Websites and APIs on Render are unavailable due to Cloudflare network errors
Incident Report for Render
Postmortem

Summary

Render uses Cloudflare to offer DDoS protection to all web services and as a CDN provider for static sites. A configuration change made by Cloudflare triggered a bug in Cloudflare systems, causing all Render web services and static sites to respond with a 500 HTTP error between 2023-08-11 4:00 UTC and 2023-08-11 5:26 UTC. Service was restored after Cloudflare reverted the change.

Impact

Between 4:00 UTC and 5:26 UTC, all HTTP traffic to web services and static sites hosted on Render received a Cloudflare Internal Server Error (HTTP error code 500). Traffic to render.com and dashboard.render.com was also impacted.

Root Cause

Render uses Cloudflare for DDoS protection for all HTTP services, and as a CDN for static sites. All requests to Render are therefore proxied through the closest Cloudflare data center. At 2023-08-11 4:00 UTC, Cloudflare added a rule to place an interstitial page in front of a specific Render-hosted website in response to a verified report of phishing. The application of this rule triggered a bug in the Cloudflare request processing engine, which resulted in all Render services, our dashboard, and render.com returning HTTP 500 errors.

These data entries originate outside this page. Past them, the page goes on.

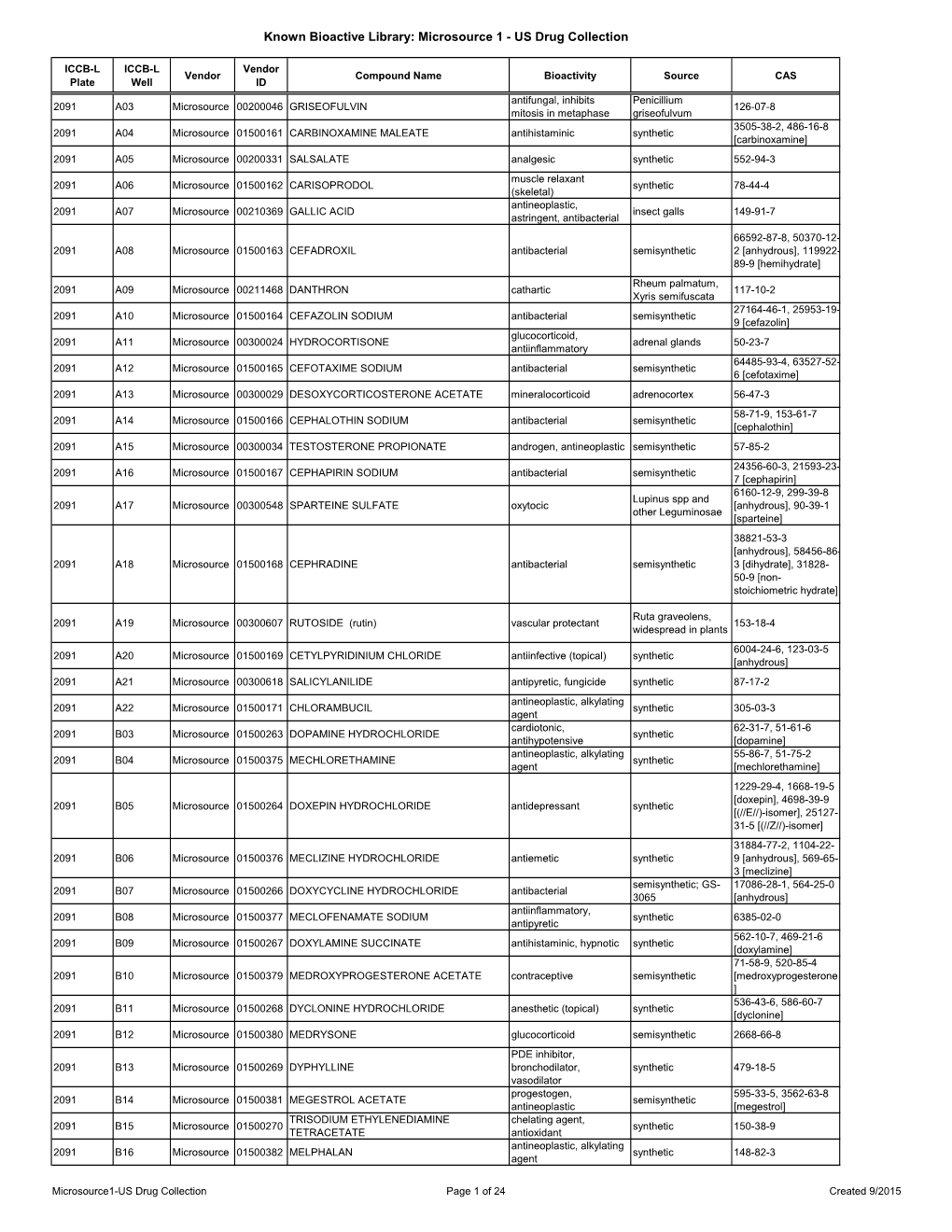 Known Bioactive Library: Microsource 1 - US Drug Collection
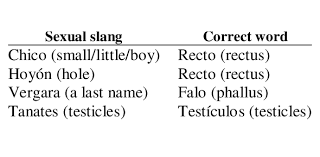 These resources can help you find the facts you need. A Sexual Slang Terms Trivia Proprofs Quiz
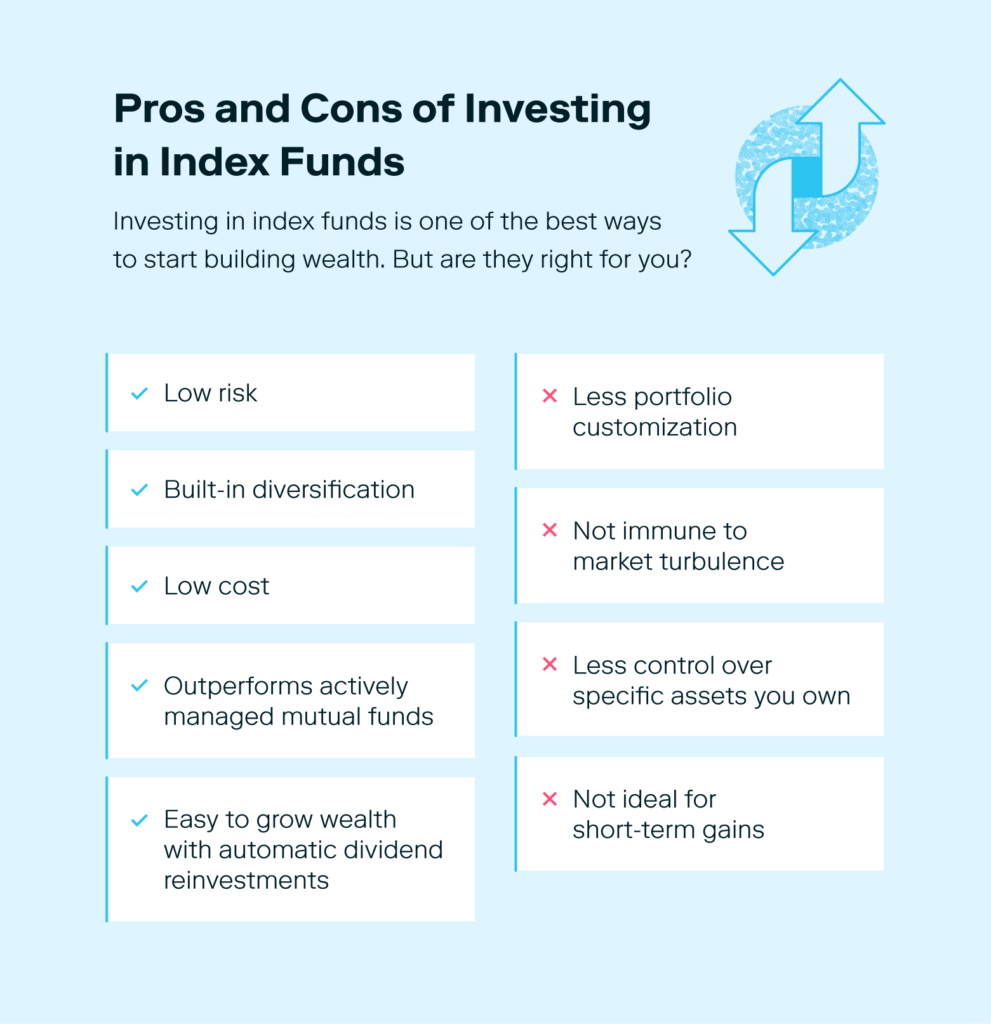 An illustrated chart lists the pros and cons of investing in index funds.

Render's automated alerting brought the issue to our attention at 2023-08-11 4:01 UTC, and we responded by escalating the issue to Cloudflare and opening a public incident at 4:05. Given the severe and extensive impact of the outage, we coordinated with several members of the Cloudflare team while also investigating several options to restore services as quickly as possible. One of these investigations explored ways to temporarily circumvent Cloudflare's network to serve requests directly from Render's origin servers. We were able to deploy a working solution for dashboard.render.com at 5:03 UTC; this solution was manual and specific to the dashboard.render.com subdomain. We also began investigating ways to roll this solution out more broadly with customer assistance that would have involved updating their DNS records. Cloudflare identified the issue and rolled back the triggering rule at 5:26 UTC.

Mitigations

Completed

  • Over the last week, Render's engineering team worked closely with Cloudflare support and engineering teams to discuss near-term mitigations and longer-term solutions.
  • Cloudflare rolled back the original change and added validation to prevent this bug in the future.

Planned

  • Render will automate and test mechanisms to temporarily route HTTP requests directly to Render in similarly extreme cases.
  • Render will investigate provider redundancy options to enable faster failure recovery.
  • In their RCA, Cloudflare shared additional recommended mitigations for their systems. We will continue to work together to put these in place.
Posted Aug 18, 2023 - 23:01 UTC

Resolved
Service has been fully restored.
Posted Aug 11, 2023 - 05:49 UTC
Monitoring
Cloudflare has implemented a fix and we're monitoring.
Posted Aug 11, 2023 - 05:37 UTC
Identified
We are working with the Cloudflare team to determine a fix. We're separately also looking into ways you can bypass Cloudflare for your Render services.
Posted Aug 11, 2023 - 05:12 UTC
Update
We're working with the Cloudflare team to restore access. You can also follow https://www.cloudflarestatus.com for updates.
Posted Aug 11, 2023 - 04:33 UTC
Update
We are continuing to investigate this issue.
Posted Aug 11, 2023 - 04:07 UTC
Investigating
We are in touch with the Cloudflare team and investigating.
Posted Aug 11, 2023 - 04:06 UTC
This incident affected: Render Dashboard, Render Website, Render API, and Static Sites.